━━━ DATASET CONTENT

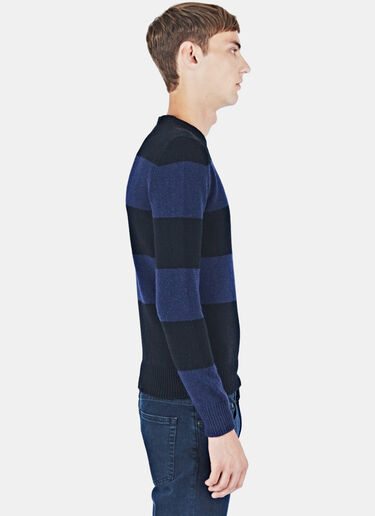 Saint Laurent Striped Knit Sweater Black sla0122024
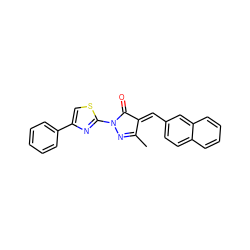 CC1=NN(c2nc(-c3ccccc3)cs2)C(=O)/C1=C/c1ccc2ccccc2c1 ZINC000223774721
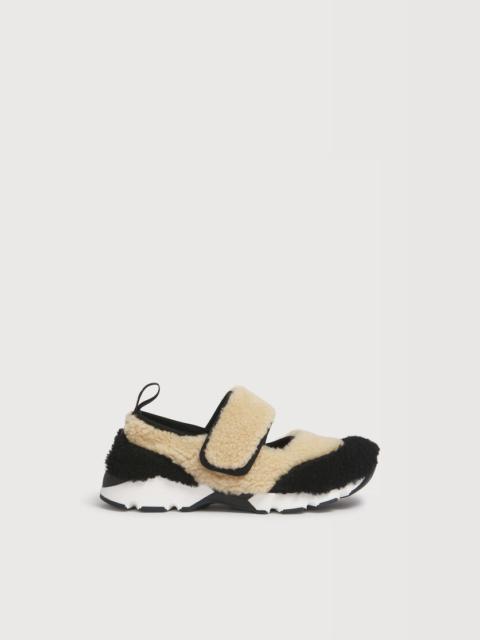 Marni BEIGE AND BLACK SHEARLING MARY JANE RUNNING SNEAKER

━━━━━━

● **WHAT THE EXERCISE ASKS**
Would you return all the data exactly as given, minus the pictures?

● **EXERCISE OUTPUT**
 Saint Laurent Striped Knit Sweater Black sla0122024
 CC1=NN(c2nc(-c3ccccc3)cs2)C(=O)/C1=C/c1ccc2ccccc2c1 ZINC000223774721
 Marni BEIGE AND BLACK SHEARLING MARY JANE RUNNING SNEAKER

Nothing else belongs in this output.